Let’s take a look at the doji highlighted on this 4 hour chart of the AUDCAD below…
At the point where the doji occurs, we can see that price has retraced a bit after a fairly strong move to the downside. If the doji represents the top of the retracement (which we do not know at the time of its forming) a trader could then interpret the indecision and potential change of direction and short the pair at the open of the next candle after the doji. The stop would be placed just above the upper wick of the doji. In this case, that trade would have worked out nicely.

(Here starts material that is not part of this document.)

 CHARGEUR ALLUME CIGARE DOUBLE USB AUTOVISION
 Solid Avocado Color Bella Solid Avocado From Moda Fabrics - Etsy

Keeping in mind that the higher probability trades will be those that are taken in the direction of the longer term trends, when a doji occurs at the top of a retracement in a downtrend or the bottom of a retracement in an uptrend, the higher probability way to trade the doji is in the direction of the trend. In case of an uptrend the stop would go below the lower wick of the doji and in a downtrend the stop would go above the upper wick.
Dojis are popular and widely used in trading as they are one of the easier candles to identify and their wicks provide excellent guidelines regarding where a trader can place their stop.
Below is an example of a standard doji candle.
The Long Legged Doji below simply has a greater extension of the vertical lines above and below the horizontal line. During the timeframe of the candle, price action dramatically moved up and down but closed at virtually the same level that it opened. This shows the indecision between the buyers and the sellers
The Dragonfly Doji below can appear at either the top of an uptrend or the bottom of a downtrend and signals the potential for a change in direction. There is no line above the horizontal bar signifying that prices did not move above the opening price. A very extended lower wick on this doji at the bottom of a bearish move is a very bullish signal.
The Gravestone Doji below is the exact opposite of the dragonfly. It appears when price action opens and closes at the lower end of the trading range. After the open the buyers were able to push the price up but by the close they were not able to sustain the bullish momentum. At the top of a move to the upside, this is a bearish signal.
The 4 Price Doji below is simply a horizontal line with no vertical line above or below the horizontal. This would be the ultimate in indecision since the high, low, open and close (all four prices represented) by the candle were exactly the same. It is a very unique pattern signifying once again indecision or an extremely quiet market.
The basic rules we learned about trading a doji at the beginning of this article would apply to each of these unique dojis as well.